# 1961, 831 diesel worth



## chuck d (Apr 18, 2004)

I have a question. I am trying to sell a 1961 model case 831 diesel tractor. the engine is off of it and it has had new pistons, sleeves, rings, main and rod bearings, and a valve job done on both cylinder heads ( new valves). I have the engine gasket set also. I have a new throwout bearing for the clutch also. What do you think she's worth? I would like to put her together but I don't have the time. thanks, chuck


----------



## caseman-d (Nov 29, 2003)

Welcome to the Case Forum Chuck. Without knowing what the rest of the tractor is like, where your from, and how long the tractor has been apart it's tough to say what it may be worth. One of the biggest problems with buying something torn apart is everything there. I myself shy away from buying something torn apart by someone else. I would venture to say it should still be worth 500-750.00. I do think you would be better off putting it back together and then trying to sell it. Good luck with it.
caseman-d


----------



## luckycharms (Dec 4, 2003)

Well, I have seen a few of the early 60s Case 830 tractors with the then newly launched "Case-O-Matic" tranny. Really nice tractors but the overall condition of the tractor will really tell the tail on this one. Caseman-D is right on with this. Unless you show us some pics of the tractor and tell us more about the overall condition of everything, it is hard to tell. I think these were around 60-65HP. 

I think a fair condition Case 830 would go for around $1500.00
In this case being apart and condition unknown I think the previous estimate is pretty close $500-1000 depending on everything else. 

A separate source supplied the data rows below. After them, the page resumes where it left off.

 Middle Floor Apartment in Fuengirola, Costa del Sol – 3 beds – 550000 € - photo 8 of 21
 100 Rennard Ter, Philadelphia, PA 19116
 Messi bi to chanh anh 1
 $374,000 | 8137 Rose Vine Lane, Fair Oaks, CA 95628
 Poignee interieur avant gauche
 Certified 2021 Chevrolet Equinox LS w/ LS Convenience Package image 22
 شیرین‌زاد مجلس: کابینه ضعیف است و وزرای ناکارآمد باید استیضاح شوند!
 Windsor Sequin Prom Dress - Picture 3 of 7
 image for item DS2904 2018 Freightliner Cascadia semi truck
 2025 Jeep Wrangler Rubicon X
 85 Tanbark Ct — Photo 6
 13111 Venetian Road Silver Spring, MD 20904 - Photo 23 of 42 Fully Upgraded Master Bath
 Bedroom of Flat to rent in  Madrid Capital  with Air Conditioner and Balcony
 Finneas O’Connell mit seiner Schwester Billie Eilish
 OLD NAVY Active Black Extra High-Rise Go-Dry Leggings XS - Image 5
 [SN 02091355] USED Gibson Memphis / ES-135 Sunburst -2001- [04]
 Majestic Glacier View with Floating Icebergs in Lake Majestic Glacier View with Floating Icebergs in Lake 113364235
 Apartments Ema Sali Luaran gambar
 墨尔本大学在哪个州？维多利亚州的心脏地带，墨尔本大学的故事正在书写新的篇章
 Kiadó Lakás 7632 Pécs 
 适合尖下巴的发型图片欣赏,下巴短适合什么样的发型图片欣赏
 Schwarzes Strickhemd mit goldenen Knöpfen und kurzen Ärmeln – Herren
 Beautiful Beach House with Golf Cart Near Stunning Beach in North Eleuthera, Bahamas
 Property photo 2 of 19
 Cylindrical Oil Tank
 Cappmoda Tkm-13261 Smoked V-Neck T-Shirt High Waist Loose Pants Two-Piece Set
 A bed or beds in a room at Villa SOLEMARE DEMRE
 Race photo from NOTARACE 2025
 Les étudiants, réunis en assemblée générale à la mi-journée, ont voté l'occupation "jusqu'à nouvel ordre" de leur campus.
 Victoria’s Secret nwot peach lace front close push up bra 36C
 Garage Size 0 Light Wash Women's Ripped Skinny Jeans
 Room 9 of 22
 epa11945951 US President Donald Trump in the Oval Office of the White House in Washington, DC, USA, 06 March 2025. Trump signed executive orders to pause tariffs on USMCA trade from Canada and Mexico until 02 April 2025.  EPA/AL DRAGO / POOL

Good luck with it --- Do you have any pictures to share?

-LC


----------



## luckycharms (Dec 4, 2003)

Where are you located, chuckD?

-LC


----------



## chuck d (Apr 18, 2004)

*1961 MODEL 831 WORTH*

I AM IN TEXAS. I CAN TAKE SOME PICTURES. HOW DO I POST THEM ON THIS SITE?


----------



## Chris (Sep 15, 2003)

What part of Texas? I am here in Hammond, LA. I am interested in your tractor. 

Just click on "Post Reply" button and then you will see the full reply page with the option for attaching files directly from your PC
to the site. Or click below to reply to this thread. 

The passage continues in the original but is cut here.